= Irrealis mood =

Grammatical mood

In linguistics, irrealis moods (abbreviated irr) are the main set of grammatical moods that indicate that a certain situation or action is not known to have happened at the moment the speaker is talking. This contrasts with the realis moods. They are used in statements without truth value (imperative, interrogative, subordinate, etc).

Every language has grammatical ways of expressing unreality. Linguists tend to reserve the term "irrealis" for particular morphological markers or clause types. Many languages with irrealis mood make further subdivisions between kinds of irrealis moods. This is especially so among Algonquian languages such as Blackfoot.

== List of irrealis moods ==

| Mood | Event, as intended by speaker | Example | Found in |
|---|---|---|---|
| Subjunctive (SJV or SBJV) | Event is considered unlikely (mainly used in dependent clauses). | "If I were to love you..." | English; Latin and Romance languages; German; Vedic Sanskrit; Proto-Indo-European; Hindi; Persian; |
| Conditional (COND) | Event depends upon another condition. | "I would love you" | English; German; Romance languages; Icelandic; Irish; Hindi; Finnish; Hungarian; Polish; |
| Optative (OPT) | Event is hoped, expected, or awaited. | "May I be loved!" | Albanian; Latin and Romance languages (as a form of the subjunctive); Ancient Greek; Sanskrit; Avestan; Proto-Indo-European; |
| Jussive (JUS) | Event is pleaded, implored or asked. | "Everyone should be loved" | Amharic; Arabic; Hebrew; Esperanto; |
| Potential (POT) | Event is probable or considered likely | "She probably loves me" | Finnish; Japanese; Sanskrit; Sami languages; Proto-Indo-European; |
| Imperative (IMP) Prohibitive (PROH) | Event is directly ordered or requested by the speaker.
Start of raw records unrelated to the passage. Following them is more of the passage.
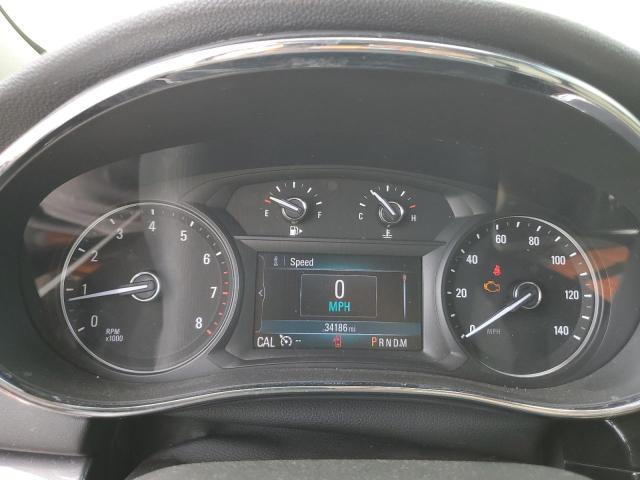 Photo 9 from auction – 2021 BUICK ENCORE PRE with VIN KL4CJASB2MB303798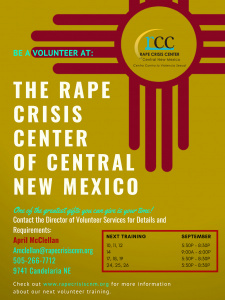 Volunteer Crisis Response Advocate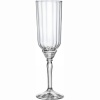 Набор бокалов для просекко 210мл FLORIAN, 6шт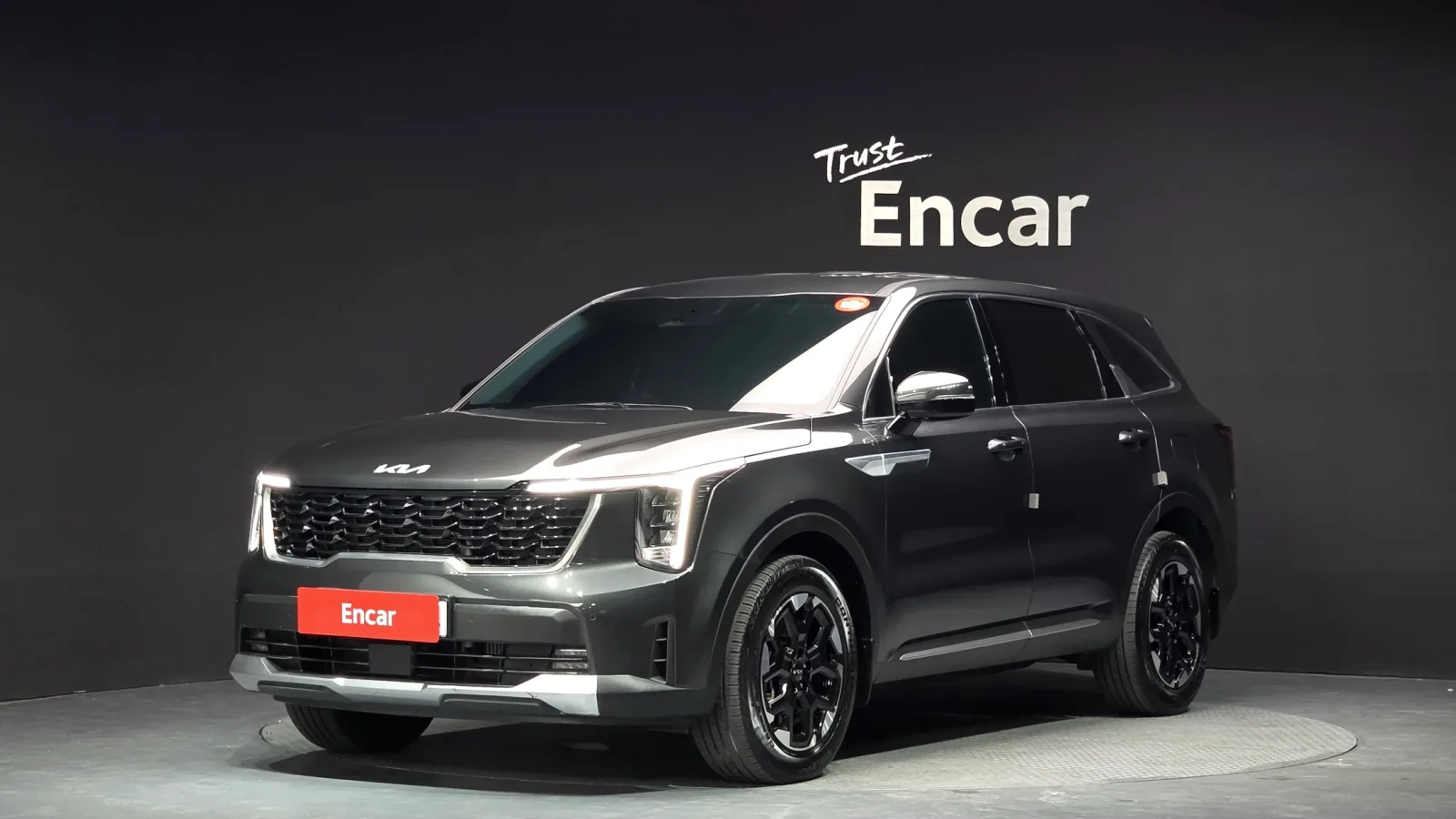 2024 Kia Sorento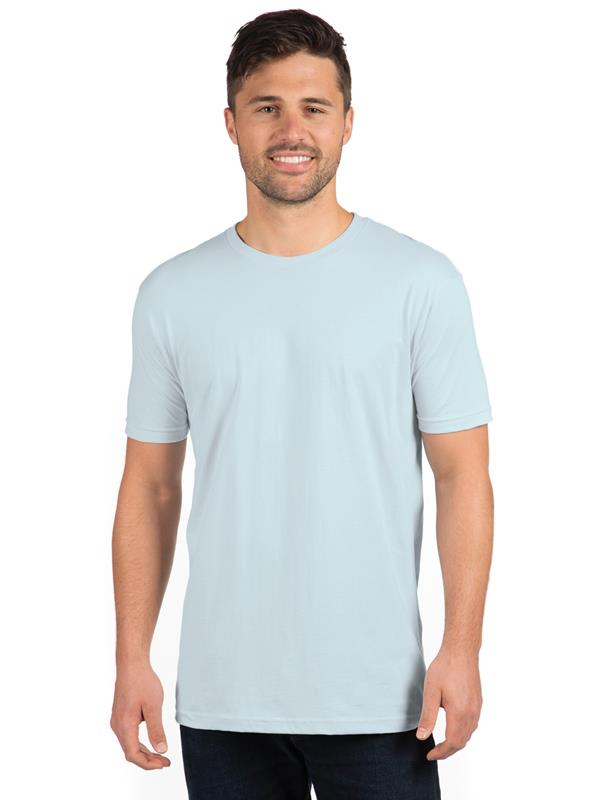 Next Level Apparel Cotton Combed 145 Regular Fit Tee Adult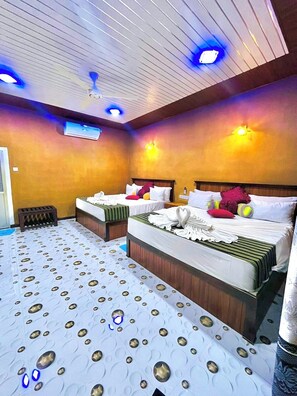 Quadruple Room - Dudley Nature Resort  (Habarana)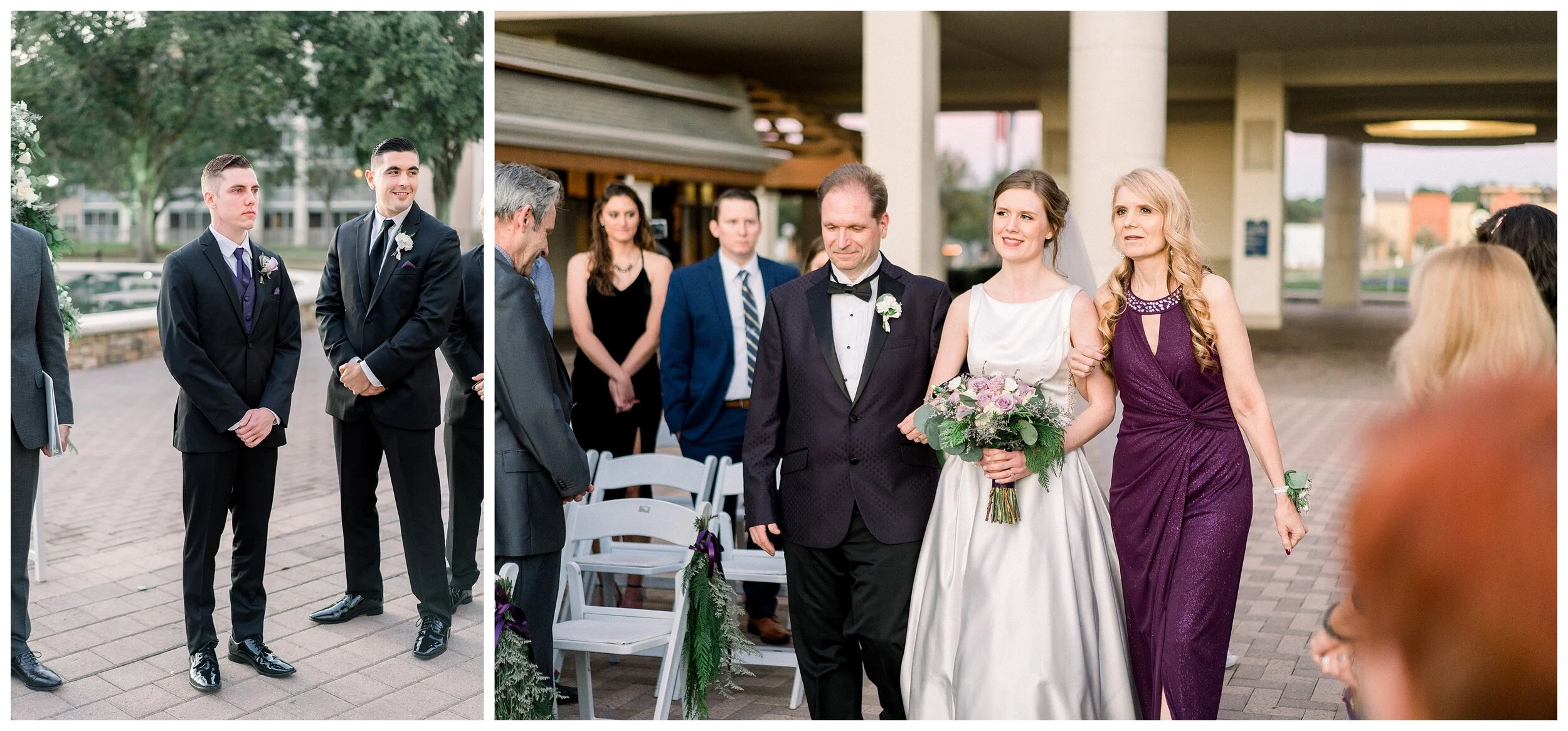 HALL OF FAME WORLD GOLF VILLAGE| ST. AUGUSTINE, FLORIDA HIGHSCHOOL SWEETHEARTS GET MARRIED ST.AUGUSTINE WEDDING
Event is directly prohibited by the speaker. | "Love me!" "Do not love me" | English; Finnish; Hungarian; Japanese; Latin and Romance languages; Mongolian; Seri; |
| Desiderative (DES or DESI) | Event is desired/wished by a participant in the state of affairs referred to in the utterance | "I wish he loved me." | Japanese; Mongolian; Sanskrit; Proto-Indo-European; Muniche; |
| Dubitative (DUB) | Event is uncertain, doubtful, dubious. | "She seems to love me." | Mongolian; Ojibwe; Turkish; |
| Hypothetical (HYP) | Event is hypothetical, or it is counterfactual, but possible. | "I might love you [if...]" | Russian; Lakota; |
| Presumptive (PRESM) | Event is assumed, presupposed by the speaker. | "Knowing the way you love me [...]" | Romanian; Hindi; Punjabi; Gujarati; |
| Permissive (PERM) | Event is permitted by the speaker. | "You may [not] love me..." | Lithuanian (as a form of the optative); Mongolian; |
| Mirative (MIR) Admirative | Event is surprising or amazing (literally or in irony or sarcasm). | "Wow! They love me!", "Apparently they love me." | Turkish; Bulgarian; Macedonian; Albanian; Megleno-Romanian; Mandarin; Balkan sprachbund (merges with the inferential); |
| Hortative (HORT) | Event is exhorted, implored, insisted or encouraged by speaker. | "Let us love!" | Latin (as a form of the jussive); Greek (as a form of the subjunctive); Hindi; Japanese; |
| Eventive (EVM) | Event is likely but depends upon a condition; a combination of the potential and conditional. | "I would probably love you [if...]" | Finnish (in the epic poem Kalevala); Estonian, in some dialects; |
| Precative (PREC) | Event is requested by the speaker. | "Will you love me?" | Mongolian |
| Volitive (VOL) | Event is desired, wished or feared by the speaker. | "Would that you loved me!" / "God forbid [that] you love me!" | Japanese |
| Inferential (INFER or INFR) | Event is not witnessed and not confirmed. | "Something tells me she loves me." | Turkish; Macedonian; Bulgarian ("renarrative mood"); Estonian ("oblique mood"); Balkan sprachbund (merges with the mirative); |
| Necessitative (NEC) | Event is necessary, or it is both desired and encouraged; a combination of the hortative and jussive. | "It is necessary that you should love me." | Armenian; Turkish; |
| Interrogative (INTERR) | Event is asked or questioned by the speaker | "Does he love me?" | Welsh; Nenets; |
| Benedictive (BEND) | Event is requested or wished by the speaker in a polite or honorific fashion. | "Would you please be so kind as to love me?" | Mongolian; Sanskrit; |
| Concessive (CONC) | Event is presupposed or admitted as part of a refutation. | "Even if she loves me [...]"; "Although she loves me [...]" | Adyghe; Mongolian; |
| Prescriptive (PRESCR) | Event is prescribed by the speaker (though not demanded), but with the expectation that it will occur. | "Please [do not] love me."; "Go ahead, love me." | Mongolian |
| Admonitive (ADMON) Vetitive (VET) Apprehensive (APPR) | Event is warned against happening. | "Beware loving me." | Apma; Classical Nahuatl; Sumerian; Taba; |

== Moods ==

=== Subjunctive ===

The subjunctive mood, sometimes called conjunctive mood, has several uses in dependent clauses. Examples include discussing hypothetical or unlikely events, expressing opinions or emotions, or making polite requests (the exact scope is language-specific). A subjunctive mood exists in English, but it often is not obligatory. Example: "I suggested that Paul eat an apple", Paul is not in fact eating an apple. Contrast this with the sentence "Paul eats an apple", where the verb "to eat" is in the present tense, indicative mood. Another way, especially in British English, of expressing this might be "I suggested that Paul should eat an apple", derived from "Paul should eat an apple."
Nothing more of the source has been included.